Bucky laughed, dropping back into Barnes, and said agreeably, “Well, he was condescending as hell, but I was at maybe forty percent capacity because someone fucked up the defrosting, so it wasn’t like I minded, at first.” He squeezed Sam’s hand and said, “You get this isn’t any realer than Azarov, right? I don’t care about Rebecca.”

“You might someday,” said Sam, because it felt like he should. “You might regret not seeing her before she dies.”

Bucky shrugged. “I’ll talk to her if you want,” he said. “I didn’t want to waste the time before, but now we’re not doing Avengers stuff anyway.”

“Sure,” said Sam. “Sure. Let’s… let’s decide later.”

“Okay,” said Bucky, and ate some more eggs, and didn’t let go of Sam’s hand. After a minute he added, as if in consolation, “I like your sister.” Sam nodded, because he believed that was as true as it needed to be, even if it was delivered in a dead man’s voice, even if he didn’t know what it actually meant. Bucky liked people and he got mad and he mostly didn’t want to be seen doing things he hadn’t mastered, and Sam didn’t know what any of that meant except that the man he worked hard to think of as Bucky might not be James Barnes anymore, but he was someone.

Sam’s family used to have two parallel running jokes about their professions. Sarah and their dad thought it was funny that Sam and Darlene had jobs that allowed them to save someone and then walk away while Sarah and Paul had jobs that required them to stay for the long haul. Sam and Darlene thought it was funny that Sarah and Paul thought that was funny, given Sarah and Paul’s level of emotional involvement and availability. Then Darlene died, and Sam got a job as a counsellor, and half the family divide crumbled off.

Bucky put his metal hand over Sam’s, too, and his arm hummed and then went silent as it stilled. Even his hand was heavy.

“I remember Rebecca,” he said. “A little bit. But I’m not her brother and I’ll only pretend for her if you tell me to. She’s not important.” He watched Sam’s face, clinical. “You asked me to stay. You said you liked me fine either way and you said you wanted me to stay.”

“Yeah, man.” Sam dropped his free hand on top of Bucky’s. He and Steve hadn’t said it in so many words but they both knew they’d spend the rest of their lives together and with Steve gone this was what that meant, and anyway Sam didn’t have to understand Bucky to be attached to him. “Neither of us is going anywhere.”

Bucky nodded and pulled his left hand back so he could finish his breakfast. He said, “You’re going to need me when you go back to the field, you know. That costume is a tactical disaster.”

“I thought I was already over budget on you saving my life.”

Bucky smiled very sweetly, apparently slipping into Azarov, because he bopped Sam’s nose with a metal finger, which was abnormal even for him. “I didn’t say you were over budget, I said you were running a tab.
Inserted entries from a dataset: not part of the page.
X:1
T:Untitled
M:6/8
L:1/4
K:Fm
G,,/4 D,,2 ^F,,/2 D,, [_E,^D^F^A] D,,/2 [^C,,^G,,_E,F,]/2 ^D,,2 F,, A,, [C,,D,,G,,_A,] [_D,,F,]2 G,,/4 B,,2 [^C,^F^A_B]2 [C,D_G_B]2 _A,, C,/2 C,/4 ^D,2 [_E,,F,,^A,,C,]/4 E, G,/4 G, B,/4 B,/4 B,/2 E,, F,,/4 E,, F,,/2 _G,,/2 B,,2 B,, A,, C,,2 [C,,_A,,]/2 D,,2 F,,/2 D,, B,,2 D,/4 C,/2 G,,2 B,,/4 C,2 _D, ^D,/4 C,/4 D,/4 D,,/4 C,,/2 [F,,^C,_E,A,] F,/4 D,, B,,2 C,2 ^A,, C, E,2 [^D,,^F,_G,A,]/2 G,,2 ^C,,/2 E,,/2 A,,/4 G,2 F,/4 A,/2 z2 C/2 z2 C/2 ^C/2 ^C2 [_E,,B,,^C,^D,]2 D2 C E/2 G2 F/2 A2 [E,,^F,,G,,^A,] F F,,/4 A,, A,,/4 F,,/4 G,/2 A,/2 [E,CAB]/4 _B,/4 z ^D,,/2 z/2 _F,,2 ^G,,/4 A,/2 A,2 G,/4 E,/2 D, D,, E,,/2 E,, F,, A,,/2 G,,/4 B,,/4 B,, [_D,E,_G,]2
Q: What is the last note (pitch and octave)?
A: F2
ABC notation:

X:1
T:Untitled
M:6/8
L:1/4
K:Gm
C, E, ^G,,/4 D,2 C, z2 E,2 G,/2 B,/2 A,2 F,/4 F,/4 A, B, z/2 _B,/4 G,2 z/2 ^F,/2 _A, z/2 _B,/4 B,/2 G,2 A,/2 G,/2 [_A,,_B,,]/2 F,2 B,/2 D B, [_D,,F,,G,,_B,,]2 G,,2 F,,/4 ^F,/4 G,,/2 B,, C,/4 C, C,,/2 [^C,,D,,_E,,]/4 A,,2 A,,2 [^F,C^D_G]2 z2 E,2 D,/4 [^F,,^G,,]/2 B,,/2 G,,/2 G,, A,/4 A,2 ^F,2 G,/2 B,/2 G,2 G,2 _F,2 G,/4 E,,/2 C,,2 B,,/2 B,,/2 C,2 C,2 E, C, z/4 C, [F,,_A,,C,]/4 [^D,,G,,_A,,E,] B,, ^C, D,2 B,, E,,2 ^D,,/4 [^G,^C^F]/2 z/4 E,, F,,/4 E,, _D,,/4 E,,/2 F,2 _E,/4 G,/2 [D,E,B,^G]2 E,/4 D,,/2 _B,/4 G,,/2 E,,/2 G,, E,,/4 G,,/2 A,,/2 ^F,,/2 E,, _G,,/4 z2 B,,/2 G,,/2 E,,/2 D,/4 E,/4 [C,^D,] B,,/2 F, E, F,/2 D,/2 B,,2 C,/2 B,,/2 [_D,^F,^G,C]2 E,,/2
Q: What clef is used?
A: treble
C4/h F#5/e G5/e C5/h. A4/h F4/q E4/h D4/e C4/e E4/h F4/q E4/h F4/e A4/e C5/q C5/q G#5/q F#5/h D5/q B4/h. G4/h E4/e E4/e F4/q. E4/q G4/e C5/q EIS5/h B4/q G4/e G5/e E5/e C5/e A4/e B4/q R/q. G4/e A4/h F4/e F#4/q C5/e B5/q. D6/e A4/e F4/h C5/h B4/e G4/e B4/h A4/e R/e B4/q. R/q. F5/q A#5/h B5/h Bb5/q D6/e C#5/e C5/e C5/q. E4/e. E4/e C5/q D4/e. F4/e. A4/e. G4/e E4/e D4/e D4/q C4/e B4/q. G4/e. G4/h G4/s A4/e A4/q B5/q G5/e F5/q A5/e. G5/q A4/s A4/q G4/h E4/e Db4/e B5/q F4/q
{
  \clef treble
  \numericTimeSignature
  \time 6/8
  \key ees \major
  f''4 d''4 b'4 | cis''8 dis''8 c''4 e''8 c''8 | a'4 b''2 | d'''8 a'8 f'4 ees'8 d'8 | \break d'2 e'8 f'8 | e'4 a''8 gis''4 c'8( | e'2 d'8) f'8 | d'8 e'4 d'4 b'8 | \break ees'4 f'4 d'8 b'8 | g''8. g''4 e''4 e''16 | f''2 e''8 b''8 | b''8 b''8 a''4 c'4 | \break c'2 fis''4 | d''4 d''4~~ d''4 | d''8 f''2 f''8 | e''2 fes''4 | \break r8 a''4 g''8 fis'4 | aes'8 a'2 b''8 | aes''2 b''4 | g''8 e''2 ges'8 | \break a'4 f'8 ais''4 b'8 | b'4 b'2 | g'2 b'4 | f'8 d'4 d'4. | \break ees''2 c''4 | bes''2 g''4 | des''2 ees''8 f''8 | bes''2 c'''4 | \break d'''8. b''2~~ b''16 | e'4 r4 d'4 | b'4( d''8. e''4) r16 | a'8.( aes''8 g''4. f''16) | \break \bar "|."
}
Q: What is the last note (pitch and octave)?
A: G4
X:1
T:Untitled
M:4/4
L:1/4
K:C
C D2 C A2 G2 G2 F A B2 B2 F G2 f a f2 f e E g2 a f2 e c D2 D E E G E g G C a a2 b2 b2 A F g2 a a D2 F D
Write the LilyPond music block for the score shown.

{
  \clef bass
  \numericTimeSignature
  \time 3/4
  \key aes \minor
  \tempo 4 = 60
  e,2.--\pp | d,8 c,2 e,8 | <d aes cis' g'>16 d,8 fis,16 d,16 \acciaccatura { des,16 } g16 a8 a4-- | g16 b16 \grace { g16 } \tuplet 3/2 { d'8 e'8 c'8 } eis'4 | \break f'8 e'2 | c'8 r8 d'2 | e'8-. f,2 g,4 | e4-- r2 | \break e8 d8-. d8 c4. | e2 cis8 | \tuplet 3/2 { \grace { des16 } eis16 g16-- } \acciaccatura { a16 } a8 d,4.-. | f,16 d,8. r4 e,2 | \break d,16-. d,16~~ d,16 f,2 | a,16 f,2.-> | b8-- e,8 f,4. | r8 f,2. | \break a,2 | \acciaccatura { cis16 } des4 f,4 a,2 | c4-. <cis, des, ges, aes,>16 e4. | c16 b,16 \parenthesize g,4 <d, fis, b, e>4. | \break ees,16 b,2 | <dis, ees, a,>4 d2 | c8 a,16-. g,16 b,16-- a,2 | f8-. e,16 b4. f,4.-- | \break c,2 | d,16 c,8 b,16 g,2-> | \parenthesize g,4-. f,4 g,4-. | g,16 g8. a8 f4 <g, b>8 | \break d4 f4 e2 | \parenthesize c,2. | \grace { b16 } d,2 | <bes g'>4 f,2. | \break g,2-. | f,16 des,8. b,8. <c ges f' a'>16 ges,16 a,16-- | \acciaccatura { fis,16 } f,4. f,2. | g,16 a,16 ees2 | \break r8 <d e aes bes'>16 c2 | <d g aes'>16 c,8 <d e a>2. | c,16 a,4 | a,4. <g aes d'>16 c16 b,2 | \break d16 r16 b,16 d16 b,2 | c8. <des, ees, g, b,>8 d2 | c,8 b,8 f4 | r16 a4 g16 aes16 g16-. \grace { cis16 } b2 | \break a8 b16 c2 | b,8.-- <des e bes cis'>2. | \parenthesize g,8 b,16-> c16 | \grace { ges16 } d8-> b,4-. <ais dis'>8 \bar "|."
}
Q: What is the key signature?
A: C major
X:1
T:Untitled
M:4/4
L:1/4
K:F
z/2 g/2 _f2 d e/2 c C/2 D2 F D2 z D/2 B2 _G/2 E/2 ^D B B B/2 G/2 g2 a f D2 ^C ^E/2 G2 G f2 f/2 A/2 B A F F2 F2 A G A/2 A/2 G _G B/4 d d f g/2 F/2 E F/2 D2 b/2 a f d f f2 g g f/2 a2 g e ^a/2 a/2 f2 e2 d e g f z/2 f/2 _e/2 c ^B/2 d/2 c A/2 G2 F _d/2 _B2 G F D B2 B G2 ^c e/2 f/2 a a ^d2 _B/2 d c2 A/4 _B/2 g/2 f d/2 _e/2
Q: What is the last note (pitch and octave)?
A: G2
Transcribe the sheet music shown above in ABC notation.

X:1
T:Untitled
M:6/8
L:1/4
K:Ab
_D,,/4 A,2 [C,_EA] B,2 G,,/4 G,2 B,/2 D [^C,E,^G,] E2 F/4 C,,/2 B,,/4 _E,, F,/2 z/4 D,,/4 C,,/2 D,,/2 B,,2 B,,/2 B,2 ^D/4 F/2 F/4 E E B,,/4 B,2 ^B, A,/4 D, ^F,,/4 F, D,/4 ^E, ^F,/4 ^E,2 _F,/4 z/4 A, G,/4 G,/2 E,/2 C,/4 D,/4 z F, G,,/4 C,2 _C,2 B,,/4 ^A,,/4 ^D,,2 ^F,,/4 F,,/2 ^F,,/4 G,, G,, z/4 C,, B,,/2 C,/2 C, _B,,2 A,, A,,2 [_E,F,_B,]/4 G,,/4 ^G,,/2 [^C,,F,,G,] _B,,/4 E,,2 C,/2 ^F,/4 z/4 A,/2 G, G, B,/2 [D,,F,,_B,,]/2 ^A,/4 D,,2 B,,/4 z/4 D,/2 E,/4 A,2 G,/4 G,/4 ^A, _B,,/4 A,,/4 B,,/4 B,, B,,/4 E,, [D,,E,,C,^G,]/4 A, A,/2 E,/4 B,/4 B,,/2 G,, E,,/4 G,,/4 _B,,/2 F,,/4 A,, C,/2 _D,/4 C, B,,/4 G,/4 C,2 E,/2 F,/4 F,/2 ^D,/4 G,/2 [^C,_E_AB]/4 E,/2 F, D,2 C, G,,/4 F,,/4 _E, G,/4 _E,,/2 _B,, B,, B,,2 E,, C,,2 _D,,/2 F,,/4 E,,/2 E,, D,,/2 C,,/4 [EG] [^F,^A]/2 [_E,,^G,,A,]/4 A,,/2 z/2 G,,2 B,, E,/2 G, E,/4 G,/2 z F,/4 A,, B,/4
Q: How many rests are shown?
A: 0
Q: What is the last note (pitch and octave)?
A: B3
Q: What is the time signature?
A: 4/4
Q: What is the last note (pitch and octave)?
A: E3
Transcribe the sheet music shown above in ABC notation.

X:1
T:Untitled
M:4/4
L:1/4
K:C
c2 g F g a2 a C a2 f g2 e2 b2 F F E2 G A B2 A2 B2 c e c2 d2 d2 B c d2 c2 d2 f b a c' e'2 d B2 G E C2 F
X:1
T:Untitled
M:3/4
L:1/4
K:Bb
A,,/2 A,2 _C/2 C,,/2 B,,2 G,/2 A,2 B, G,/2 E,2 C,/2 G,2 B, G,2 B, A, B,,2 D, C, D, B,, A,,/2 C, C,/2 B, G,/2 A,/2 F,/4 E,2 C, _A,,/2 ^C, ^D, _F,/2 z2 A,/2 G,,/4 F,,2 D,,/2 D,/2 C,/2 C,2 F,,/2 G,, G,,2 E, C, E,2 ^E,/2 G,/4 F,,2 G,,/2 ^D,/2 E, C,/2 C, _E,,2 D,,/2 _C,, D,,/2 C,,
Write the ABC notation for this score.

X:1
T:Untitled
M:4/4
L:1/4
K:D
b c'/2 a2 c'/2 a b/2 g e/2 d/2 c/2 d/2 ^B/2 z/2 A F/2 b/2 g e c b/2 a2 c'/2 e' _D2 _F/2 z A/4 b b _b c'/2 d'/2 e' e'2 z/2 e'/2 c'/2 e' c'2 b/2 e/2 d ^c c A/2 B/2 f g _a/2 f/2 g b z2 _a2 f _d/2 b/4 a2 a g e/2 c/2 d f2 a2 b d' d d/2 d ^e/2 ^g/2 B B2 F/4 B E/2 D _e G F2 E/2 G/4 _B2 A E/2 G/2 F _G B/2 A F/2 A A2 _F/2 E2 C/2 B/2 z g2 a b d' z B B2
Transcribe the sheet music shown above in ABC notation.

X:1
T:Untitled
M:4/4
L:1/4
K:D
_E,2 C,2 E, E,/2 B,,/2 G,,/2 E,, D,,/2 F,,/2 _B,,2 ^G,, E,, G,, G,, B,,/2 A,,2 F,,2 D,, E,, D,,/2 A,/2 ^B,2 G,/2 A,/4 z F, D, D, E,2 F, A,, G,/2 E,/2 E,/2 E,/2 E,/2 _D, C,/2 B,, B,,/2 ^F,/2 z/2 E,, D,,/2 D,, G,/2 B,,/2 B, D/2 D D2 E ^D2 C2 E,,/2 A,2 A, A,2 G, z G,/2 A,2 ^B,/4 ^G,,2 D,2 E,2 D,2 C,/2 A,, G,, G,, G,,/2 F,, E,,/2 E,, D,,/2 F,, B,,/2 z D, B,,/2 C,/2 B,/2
Big difference.” He grimaced. “You might’ve saved mine a couple times too. I guess it evens out.”

“That’s good of you. Really generous.”

“We are, though,” Bucky said. “Going back in the field.”

Sam pushed his plate away, crossed his arms, leaned on the table, and it delayed his having to answer by maybe six seconds. “Yeah, we are. Kind of where we live now, huh. This is just a vacation.”

“Okay,” said Bucky. “Good.” His grip on Sam’s hand tightened. Sam, for lack of anything better to do, squeezed back.